The committee also passed an ordinance establishing our ranked choice counting rules. This ordinance was based on the output of Mark Ritchie's Ranked Choice Task Force that met last year, and was initially drafted by my Aide Robin and Jeanne Massey of FairVote Minnesota, along with Cindy Reichert and others.
There was one small edit that I felt needed to be made, dealing with Normalization and Advancement. This is a process used in 5 of the 6 other jurisdictions in the US that use Ranked Choice Voting (and may be used in the sixth - we're not sure), to ensure that we do not prematurely exhaust votes if voters skip rankings. Under this system, if a voter skips a ranking, for instance by filling in ranks 1, 2, 4 and 5, the voting equipment continues over the skipped 3rd rank, in effect treating 4 as 3 and 5 as 4. I strongly believe that we should, wherever possible, count every vote, and when voters make mistakes we should assume that they are honest mistakes, and not attempts to vote incorrectly on purpose (as my colleague Betsy Hodges so eloquently pointed out).
Steve Hill, an organizer in California who helped lead both the ballot campaign and implementation of San Francisco's ranked choice elections, has said this about N&A: “…we felt it was important in California for us to err on the side of maximum voter enfranchisement. California law has a long history of 'counting every vote' and doing all that is possible to ensure that goal, and that the policy of 'jump to the next valid ranking' was the right decision that came closest to fulfilling this goal.” I agree wholeheartedly. I believe this position is also in keeping with Minnesota's Voter Intent statute, which states that "“A ballot shall not be rejected for a technical error that does not make it impossible to determine the voter's intent.”
It's also important to note that the two major election equipment companies (ES&S and Sequoia) who have developed ranked choice software for use in the US have
only developed software that includes N&A processes.

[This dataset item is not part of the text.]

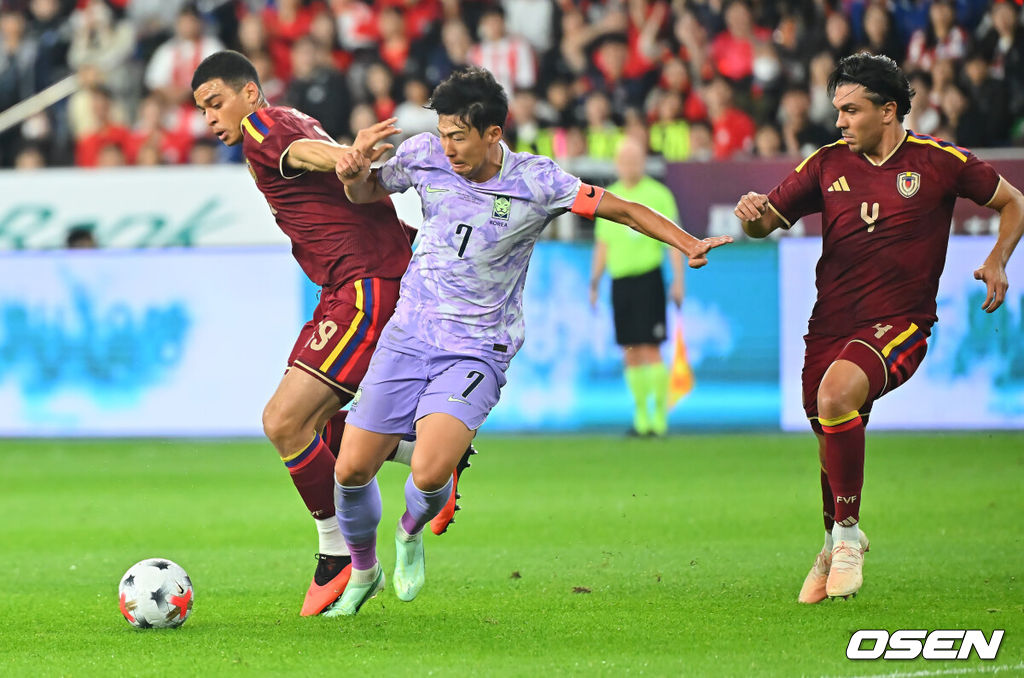 2일 울산문수축구경기장에서 대한민국과 베네수엘라의 친선경기가 열렸다.에콰도르전 3-0 완승과 우루과이전 1-4 대패로 극명한 경기력을 보인 ‘모레노호’가 베네수엘라전에서 전술적 유연성을 앞세워 빠르게 문제점을 보완했는지 시험대에 올랐다.대한민국 손흥민이 베네수엘라 켈시와 볼을 다투고 있다. 2026.10.02 / foto0307@osen.co.kr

Minneapolis would have to pay more to get software without it, and this might have also prevented us from working out a deal to share development costs with other jurisdictions looking for ranked choice-capable equipment.
I'm glad the Council voted with me on this. For the record, CMs Remington, Glidden, Lilligren, Hodges, Schiff, Benson and Ostrow voted in favor of using N&A, and CMs Johnson, Goodman, and Colvin Roy voted against. CM Samuels was not in committee today, and CM Hofstede was not in the room for the vote.
I consider the totality of the committee's actions today to be a major victory for better democracy in Minneapolis, and a huge step towards possibly holding our first ranked choice election in 2009. After tomorrow's Council meeting (which I expect to reaffirm the actions of the committee today), the next move belongs to the equipment vendors.